Une adolescence sans remise en cause tapageuse n’est donc pas une anomalie ;
pour les chercheurs, un jeune qui intègre dans le calme et le consensus les
valeurs précédemment reçues a simplement une
identité surdéterminée. Il existe d’autres types d’identité comme l’identité réalisée, l’identité négative,
l’identité en moratoire et l’identité confuse (Berger, 2000, p. 340). Ce
dernier type, selon les chercheurs, est l’identité des adolescents qui ne
consacrent pas d'énergie à la recherche de leur individualité. Ces jeunes ont
parfois de difficulté à faire leurs travaux scolaires et à réfléchir à leur
avenir : ils n'ont pas encore une idée claire de ce qu'ils sont et de ce qu'ils
veulent devenir (Waterman, 1985).
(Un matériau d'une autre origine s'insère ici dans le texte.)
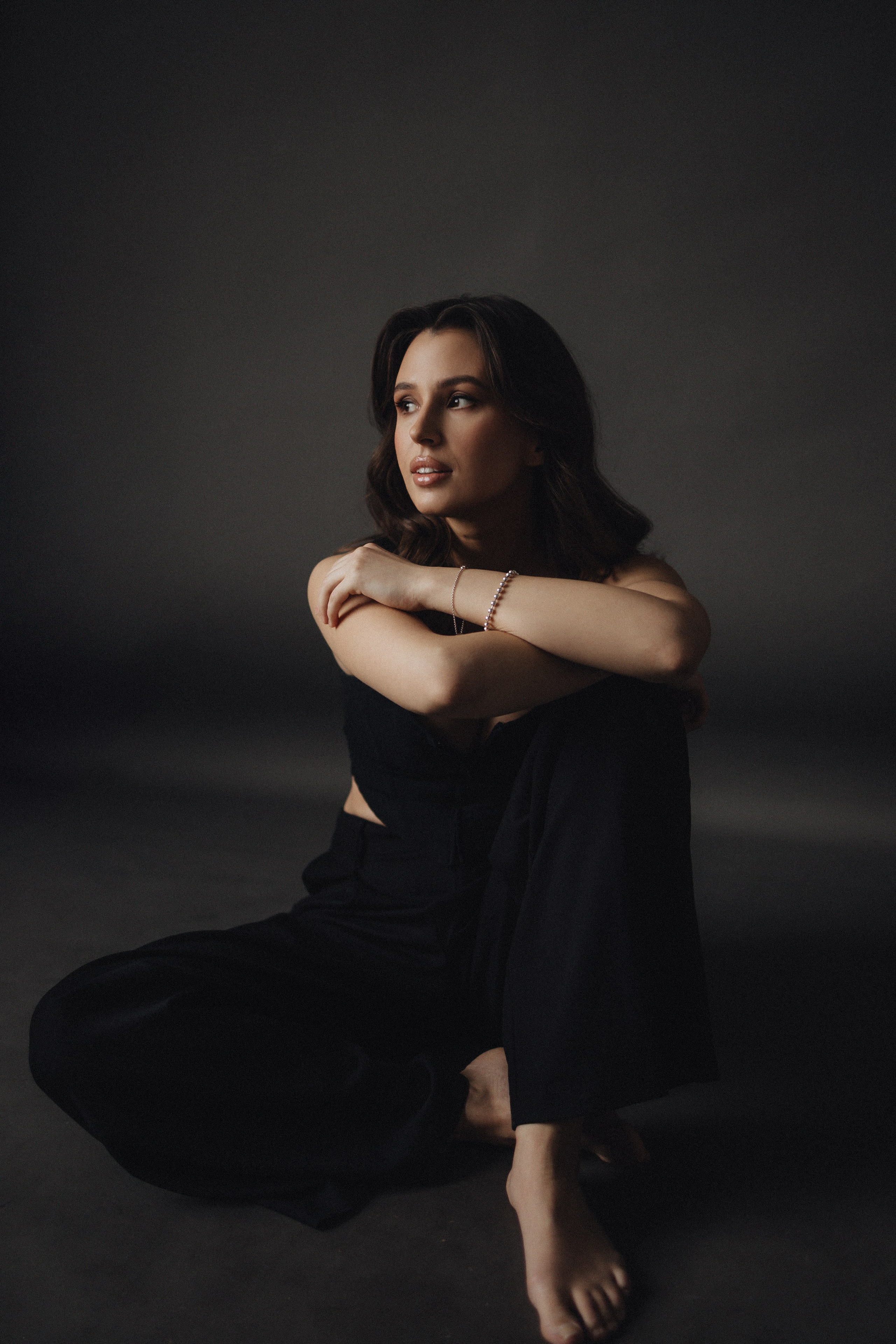 А. Фотограф в Санкт-Петербурге Ольга Кулеш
Il est vrai que de nombreux adolescents
traversent diverses périodes, développant d'abord une identité surdéterminée ou
une identité diffuse, puis une identité en moratoire avant d'atteindre une
identité réalisée. Mais mon cher neveu, le « qui suis-je » s’identifie au
devoir du « connais-toi, toi-même ». Sortir avec les amis, se divertir, aller
au bal, jouer au football etc., sont légitimes, mais ne doivent pas te faire
oublier ce devoir vital de construction de ta personnalité et de ton identité :
alors Sonagnon, quelle est ton identité ? quel type de jeune es-tu ?
Ton oncle Coffi
Roger Anoumou
Berger, Kathleen S.
(2000), Psychologie du développement,
Traduit par Marie- Claude Désorcy, Modulo Éditeur, Mont-Royal (Québec), Canada.
Erikson, Erik H.
(1975), Life history and the historical
moment, Norton, New York.Moumouni, A. (1998), L’éducation en Afrique, Présence Africaine, Paris.
Waterman, Alan S. (1985), Identity in the context of adolescent psychology. In Alan S. Waterman (Ed.), Identity in adolescence: Processes and contents: Vol 30. New directions in child development, Jossey Bass, San Francisco.